Archive for 27 August 2005

27 August

マジョルカにて 1


 正直言って、そんなに良い所だとは思えない。特にこの時期は。

 ここマジョルカ島のパルマ・デ・マジョルカはこの島一番の都市。とにかくこの時期は観光客で賑わいすぎているくらいで、人も車も船も多い。ヨットハーバー周辺の道は気持ち良さそうに見えるが、歩いてみると船と車、双方の排気ガスが多く、空気が悪い。
 なんとなく熱海に似ている。写真で見ただけだが、ハバナの市街地を伊豆半島の付け根に持ってきて、ヨットハーバーを作れば、この街にかなり近いものが出来あがる。が、このホテルの湾の対岸に見える大聖堂は特別。ケルンの大聖堂の様に異彩を放っているわけではないが、街のシンボルでありながら街にとけ込んでいる。
 
 一昨日、隣街ルルクマヨールでの2時間の野外コンサートを終え、昨日と今日は完全にオフ。休みに人が多いところに行く質では無いが、ホテルのバーで海を見ながらぼけっとビールを飲んでいるだけではいつもと同じなので、少しは出かけてみることにする。
 
 昨日の夕方、大聖堂のある旧市街を散策。出かけた時間が遅かったので、残念ながら大聖堂の中には入ることが出来ず、と思いきや、いきなり正門が開く。これから結婚式が始まるようで、一般でも入場出来るとの事。ガウディが関わったといわれるこの大聖堂、威厳はあるが、なによりも温かみや優しさを感じる。そして明るい。 
 さほど待つことは無く、結婚式ははじまる、と言うかざわざわした中、何のアナウンスも無く新郎新婦入場。そして、二人の誓いの言葉らしきものが聞こえたかと思うと、神父の言葉。何を言っているかはわからないが、どんどん高揚して早口になる、なんだかゴスペルみたいだ。スペイン語が世界一美しい言葉、と言う人もいるらしいが、わかる気にさせられる。言葉はどんどんグルーブしていき一息つくと、パイプオルガンが鳴る。これがまた素晴らしく暖かい音。石の壁だが残響はやわらかく、初期反射音は些細だが、かすかに長いエコーはとても気持ちが良い。
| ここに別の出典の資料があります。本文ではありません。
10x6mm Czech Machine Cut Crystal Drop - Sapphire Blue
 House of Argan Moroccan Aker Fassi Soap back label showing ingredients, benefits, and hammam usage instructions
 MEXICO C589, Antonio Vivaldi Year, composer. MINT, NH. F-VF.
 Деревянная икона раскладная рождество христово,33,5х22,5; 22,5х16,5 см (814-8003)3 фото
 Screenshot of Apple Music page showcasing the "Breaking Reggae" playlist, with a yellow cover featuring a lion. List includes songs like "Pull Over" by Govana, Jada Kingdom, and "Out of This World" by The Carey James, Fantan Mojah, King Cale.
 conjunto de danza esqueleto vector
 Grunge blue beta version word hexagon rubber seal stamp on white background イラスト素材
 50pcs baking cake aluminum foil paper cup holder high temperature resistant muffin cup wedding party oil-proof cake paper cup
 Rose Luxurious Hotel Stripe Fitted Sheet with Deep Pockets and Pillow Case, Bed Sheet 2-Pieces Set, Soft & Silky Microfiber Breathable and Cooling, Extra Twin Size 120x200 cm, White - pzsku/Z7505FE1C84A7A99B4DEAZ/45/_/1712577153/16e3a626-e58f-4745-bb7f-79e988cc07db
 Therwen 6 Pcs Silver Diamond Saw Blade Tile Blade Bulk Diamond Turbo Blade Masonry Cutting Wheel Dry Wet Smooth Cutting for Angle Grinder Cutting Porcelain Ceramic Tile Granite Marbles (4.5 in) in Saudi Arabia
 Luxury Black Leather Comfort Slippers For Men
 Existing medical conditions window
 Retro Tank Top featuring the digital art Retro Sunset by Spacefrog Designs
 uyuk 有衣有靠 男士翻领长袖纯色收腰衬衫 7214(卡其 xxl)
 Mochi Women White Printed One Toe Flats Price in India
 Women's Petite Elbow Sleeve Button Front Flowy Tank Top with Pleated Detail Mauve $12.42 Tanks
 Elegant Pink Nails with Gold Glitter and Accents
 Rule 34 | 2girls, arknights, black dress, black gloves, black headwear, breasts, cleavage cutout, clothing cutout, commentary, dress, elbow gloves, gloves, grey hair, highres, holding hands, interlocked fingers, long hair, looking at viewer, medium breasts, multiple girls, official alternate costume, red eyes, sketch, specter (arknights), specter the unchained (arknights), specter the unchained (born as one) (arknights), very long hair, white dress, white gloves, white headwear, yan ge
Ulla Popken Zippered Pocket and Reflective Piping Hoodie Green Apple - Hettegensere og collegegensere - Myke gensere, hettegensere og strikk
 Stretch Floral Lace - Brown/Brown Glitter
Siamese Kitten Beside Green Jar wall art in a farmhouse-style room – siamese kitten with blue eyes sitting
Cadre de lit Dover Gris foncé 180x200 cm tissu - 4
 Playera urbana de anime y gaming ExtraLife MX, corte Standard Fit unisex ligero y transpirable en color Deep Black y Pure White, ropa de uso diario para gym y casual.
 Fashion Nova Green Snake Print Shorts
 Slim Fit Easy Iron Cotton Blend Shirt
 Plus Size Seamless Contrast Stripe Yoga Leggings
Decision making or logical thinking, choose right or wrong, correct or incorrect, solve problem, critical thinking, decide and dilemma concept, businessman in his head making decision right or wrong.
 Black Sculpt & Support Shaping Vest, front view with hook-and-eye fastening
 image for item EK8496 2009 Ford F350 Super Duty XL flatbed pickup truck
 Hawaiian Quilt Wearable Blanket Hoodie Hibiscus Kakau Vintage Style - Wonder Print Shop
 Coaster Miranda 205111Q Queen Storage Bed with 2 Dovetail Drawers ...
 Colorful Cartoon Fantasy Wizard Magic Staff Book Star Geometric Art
デジタルリバーブの「カテドラル」ではありえない音、思わず、携帯電話でだが録音していると、今度は十数名の聖歌隊が歌いだす。音響の所為もあったであろうが、ものすごく親密に聞こえる。
 そうか、この居心地の良さは親密感なのだ。私はクリスチャンではないし、キリスト教にも疎いが、ここではこのかすかな長い暖かいエコーのように神が私たちの隣にいる。